Task to carry out ::
Omit the images and retype the records verbatim.

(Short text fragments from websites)
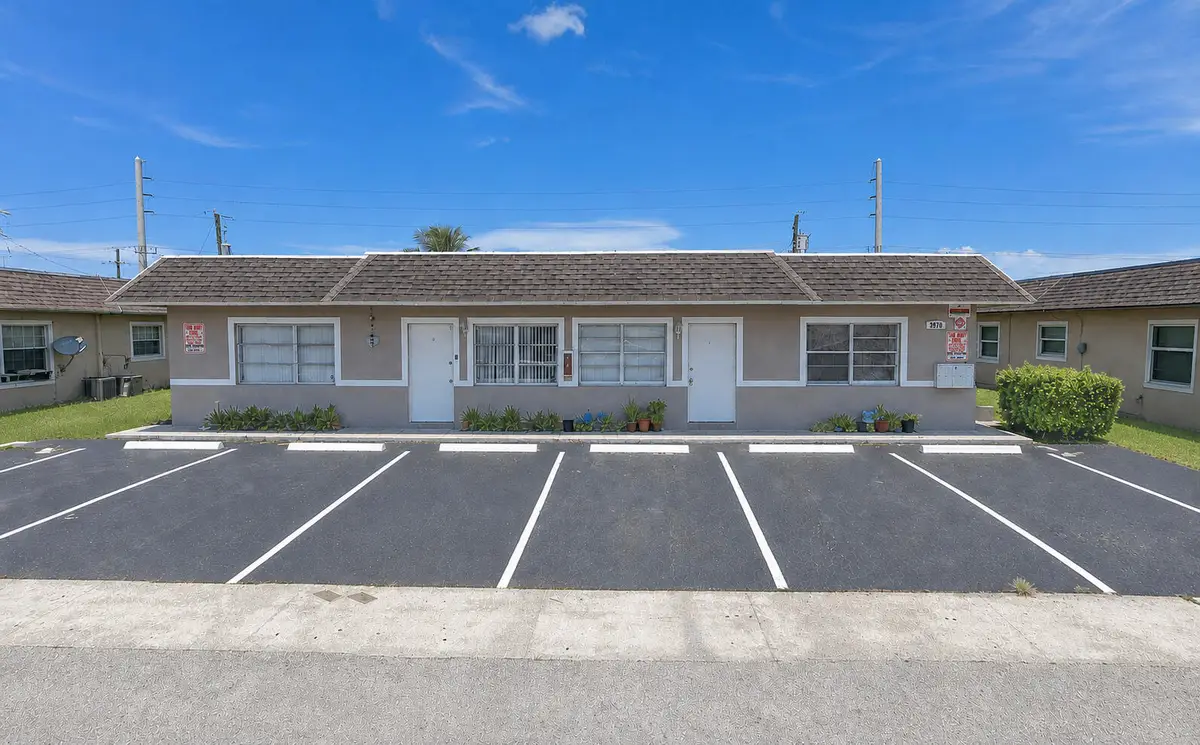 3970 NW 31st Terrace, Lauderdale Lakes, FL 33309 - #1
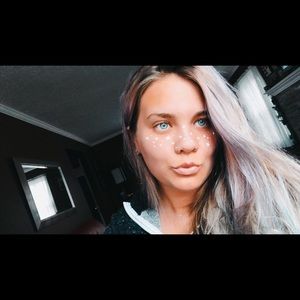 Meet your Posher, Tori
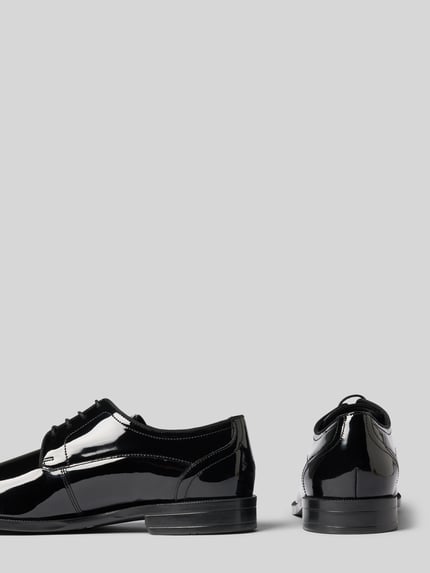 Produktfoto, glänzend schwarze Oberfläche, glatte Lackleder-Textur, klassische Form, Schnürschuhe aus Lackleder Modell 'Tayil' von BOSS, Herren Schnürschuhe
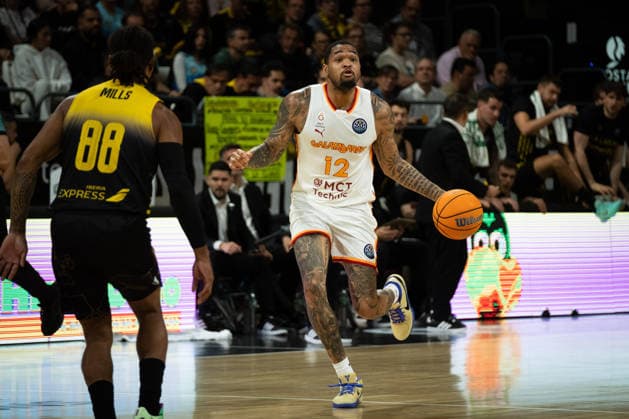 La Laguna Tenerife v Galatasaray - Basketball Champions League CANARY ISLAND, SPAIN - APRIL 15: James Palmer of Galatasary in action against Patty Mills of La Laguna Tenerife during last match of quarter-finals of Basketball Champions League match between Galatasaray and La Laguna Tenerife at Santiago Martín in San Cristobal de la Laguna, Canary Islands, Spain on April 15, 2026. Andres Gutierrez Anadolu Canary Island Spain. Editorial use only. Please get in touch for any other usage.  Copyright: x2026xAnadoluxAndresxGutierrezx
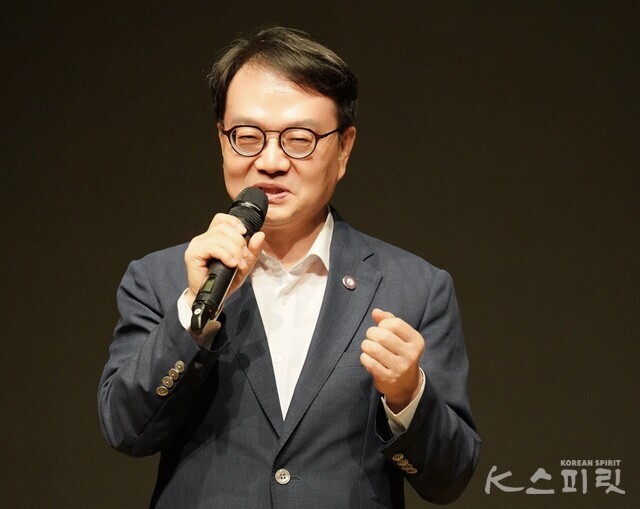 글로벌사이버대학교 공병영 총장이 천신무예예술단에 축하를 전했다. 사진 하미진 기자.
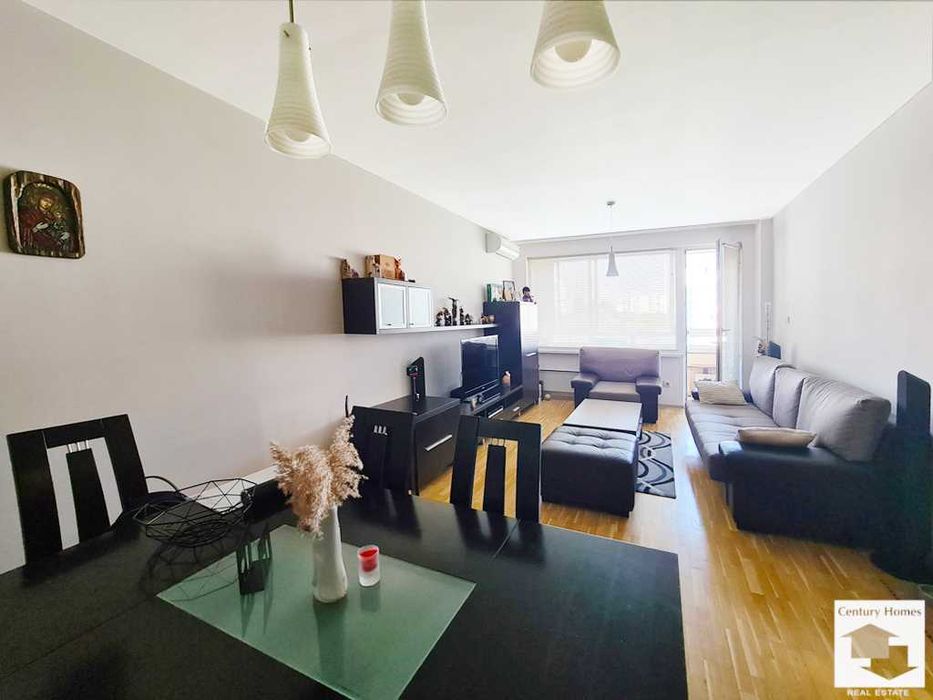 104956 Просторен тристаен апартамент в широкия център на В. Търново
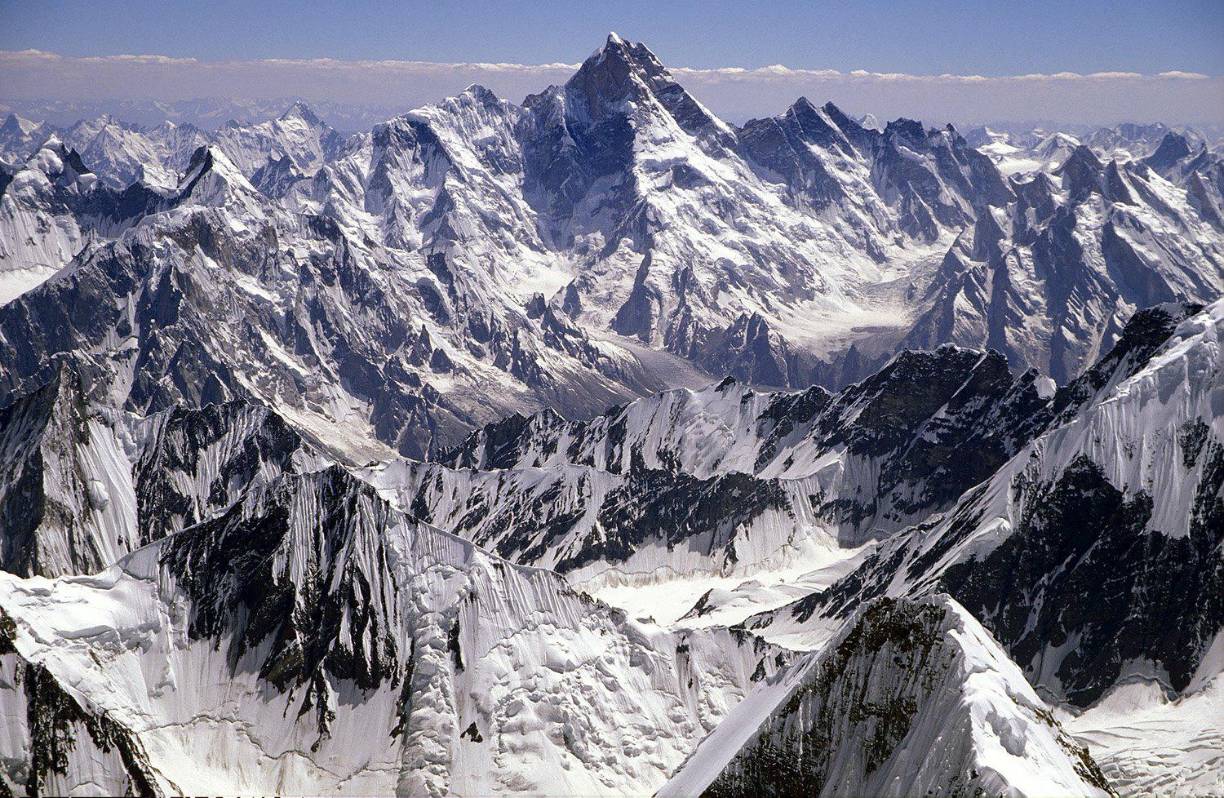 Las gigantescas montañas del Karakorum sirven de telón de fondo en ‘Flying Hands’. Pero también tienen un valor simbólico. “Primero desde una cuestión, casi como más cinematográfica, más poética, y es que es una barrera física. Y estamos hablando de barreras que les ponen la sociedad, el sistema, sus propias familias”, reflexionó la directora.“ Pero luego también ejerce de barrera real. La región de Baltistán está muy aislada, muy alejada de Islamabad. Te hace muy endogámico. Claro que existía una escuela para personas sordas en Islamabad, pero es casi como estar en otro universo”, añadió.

Task answer ::
 3970 NW 31st Terrace, Lauderdale Lakes, FL 33309 - #1
 Meet your Posher, Tori
 Produktfoto, glänzend schwarze Oberfläche, glatte Lackleder-Textur, klassische Form, Schnürschuhe aus Lackleder Modell 'Tayil' von BOSS, Herren Schnürschuhe
 La Laguna Tenerife v Galatasaray - Basketball Champions League CANARY ISLAND, SPAIN - APRIL 15: James Palmer of Galatasary in action against Patty Mills of La Laguna Tenerife during last match of quarter-finals of Basketball Champions League match between Galatasaray and La Laguna Tenerife at Santiago Martín in San Cristobal de la Laguna, Canary Islands, Spain on April 15, 2026. Andres Gutierrez Anadolu Canary Island Spain. Editorial use only. Please get in touch for any other usage.  Copyright: x2026xAnadoluxAndresxGutierrezx
 글로벌사이버대학교 공병영 총장이 천신무예예술단에 축하를 전했다. 사진 하미진 기자.
 104956 Просторен тристаен апартамент в широкия център на В. Търново
 Las gigantescas montañas del Karakorum sirven de telón de fondo en ‘Flying Hands’. Pero también tienen un valor simbólico. “Primero desde una cuestión, casi como más cinematográfica, más poética, y es que es una barrera física. Y estamos hablando de barreras que les ponen la sociedad, el sistema, sus propias familias”, reflexionó la directora.“ Pero luego también ejerce de barrera real. La región de Baltistán está muy aislada, muy alejada de Islamabad. Te hace muy endogámico. Claro que existía una escuela para personas sordas en Islamabad, pero es casi como estar en otro universo”, añadió.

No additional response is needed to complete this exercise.